La vida espiritual se sostiene y despliega en la confianza de la fe. En la confianza propia de haber experimentado estar en buenas manos; de haber interiorizado de algún modo la primera Bienaventuranza: “Dichosos los pobres de espíritu, porque de ellos es el reino de los cielos”, y saber, con las certezas propias del corazón, que nuestra mayor riqueza es la confianza en Dios, y que ese, es nuestro verdadero tesoro. No se hace necesaria, entonces, otra seguridad.
Es la confianza que surge del amor recibido. “San Ignacio indica en sus escritos que, en el amado, queda confusión, cierta vergüenza por lo inmerecido (uno siente que le aman también en lo menos amable) pero, sobre todo, produce confianza, seguridad en el Otro, apego y un profundo compromiso” (R.Meana S.J.).
Al igual que el rosetón de una catedral está creado para ser contemplado desde el interior y solo desde ahí despliega todo su esplendor, el mundo ha de ser mirado con los ojos de su creador. Confiar desde la fe, nos abre al sentido que recoge el Principio y Fundamento: a compartir la forma de mirar de Dios y alcanzar la plenitud del mundo en nosotros y de nosotros en él.
En el evangelio se nos invita repetidamente a dar un paso de confianza: pasar el umbral de la catedral y ver el mundo con la mirada del Creador. Se nos invita a creer y confiar. En el pasaje de la resurrección de Lázaro, Jesús confronta a Marta en su fe: “Yo soy la resurrección y la vida. El que cree en mí vivirá, aunque muera; y todo el que vive y cree en mí no morirá jamás. ¿Crees esto? Le dijo: Sí, Señor; yo he creído que tú eres el Cristo, el Hijo de Dios, que has venido al mundo. (Juan 11:25-26).

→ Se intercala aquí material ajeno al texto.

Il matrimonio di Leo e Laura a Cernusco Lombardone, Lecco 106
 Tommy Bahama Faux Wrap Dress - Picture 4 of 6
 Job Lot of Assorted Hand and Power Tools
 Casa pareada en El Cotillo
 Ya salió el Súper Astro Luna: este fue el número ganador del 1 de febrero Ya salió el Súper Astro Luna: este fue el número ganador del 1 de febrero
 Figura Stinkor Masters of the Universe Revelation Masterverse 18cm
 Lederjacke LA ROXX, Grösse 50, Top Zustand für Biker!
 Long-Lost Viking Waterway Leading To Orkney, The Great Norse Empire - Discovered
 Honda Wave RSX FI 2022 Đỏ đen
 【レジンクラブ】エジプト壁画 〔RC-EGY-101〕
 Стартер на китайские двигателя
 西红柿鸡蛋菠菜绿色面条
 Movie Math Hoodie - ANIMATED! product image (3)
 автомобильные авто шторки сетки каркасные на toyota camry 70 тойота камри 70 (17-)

Jesús no le pregunta si comprende. Le pregunta si cree. Marta, reconoce, así, a Jesús como ungido de Dios y comienza a abrirse al misterio de la resurrección. Su confianza y esperanza en Jesús trasciende, entonces, a la amistad humana.
Confiar desde la fe no mitiga el sufrimiento cuando llega, pero posibilita vivirlo a dos niveles: el propio del dolor inherente al ser humano, que surge, a veces, sin escapatoria ni explicación, pero que, tamizado por la confianza de la fe, habilita otro nivel más profundo: una onda larga en la que subyace la paz de fondo, que sustenta, que ayuda a hacer pie: a sufrir ordenadamente. La confianza es una gracia que brinda horizonte, y desde ella se hace posible “buscar y hallar a Dios en todas las cosas”. Es la confianza de poder vivir el sufrimiento, cuando llega, con quien nos acompañó en el dolor humano y superó la muerte.
Y es que, la vida no consiste en acertar: consiste en confiar.